O poète, pourquoi punir par ton silence
Tant de cœurs malheureux à ta voix suspendus !
D’un pouvoir corrupteur châtiant l’insolence,
Rends au peuple indigné tes chants qui lui sont dus !
Parmi ses défenseurs la Liberté te nomme.
Viens de ses ennemis déjouer les complots.
Lourde à tous, la tourmente est dans l’air, ô grand homme !
           Que ta voix chante sur les flots !
 
Parle ! notre âge est sombre et demande un Moïse.
Parle ! suscite un guide en nos mornes déserts,
Rappelle à Pharaon la liberté promise,
Rappelle-lui quel sort l’attend au fond des mers.
Dis-lui bien que, semblable au Nil aux eaux fertiles,
Il devrait enrichir et féconder nos bords,
Et non pas dévorer de ses flots inutiles
           Et nos moissons et nos trésors !

Et quel plus triste objet de honte et de colère
Que ce roi quémandeur aux appétits sans fin,
Qui, buvant à longs traits la sève populaire,
De dots a toujours soif et d’or a toujours faim !
Encor si c’était tout ! mais, ô comble de honte !
D’un peuple descendu suprême abaissement !
O France ! à ton drapeau l’outrage aujourd’hui monte,
           L’outrage monte impunément.

Non ! ce n’est point ainsi qu’en des siècles impies
Les inspirés d’en haut se révélaient aux rois :
Sur des âmes de fange et de lucre pétries,
Comme l’eau du torrent, ils répandaient leurs voix.
Ils réveillaient le peuple endormi dans la poudre ;
Ils faisaient dans son cœur passer l’esprit de Dieu,
Et sur les fronts impurs lançaient comme la foudre
           L’anathème aux ailes de feu.

Descends donc dans l’arène et ressaisis ta lyre !
Viens du peuple exalter les généreux penchants.
Ton pays qu’a vengé ta vaillante satire
Dans ses jours de détresse a besoin de tes chants.
O citoyen poète à l’âme haute et libre,
Viens lutter et combattre et vaincre pour nos droits !
Sois encor, sois toujours ce cœur fier dont la fibre
           Fit trembler ministres et rois.
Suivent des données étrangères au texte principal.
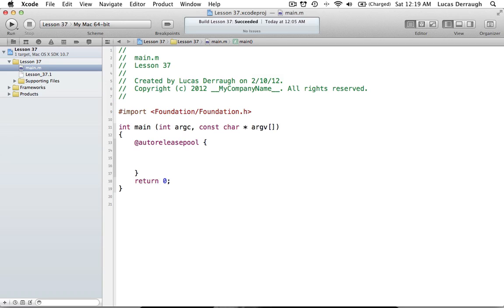Hello everyone and welcome to the 37th Objective-C tutorial. In this tutorial, I'm going to be talking about class extensions and also how you can create instance variables in both your class extensions and your implementation, which is contrary to just creating instance variables in your interface. These are just some additional things that you should know about Objective-C, additional features that you can use when you're making your own classes.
Poursuis ta noble tâche et ton œuvre bénie.
Tout globe au sein des nuits a droit à son flambeau ;
Et l’homme à qui le ciel imposa le génie
Ne doit se reposer qu’en entrant au tombeau.
Debout ! à ton pays tu dois ta vie entière ;
Et pareil en ta marche à l’astre roi des jours,
Poète, ne suspends ton œuvre de lumière
           Qu’après avoir rempli ton cours.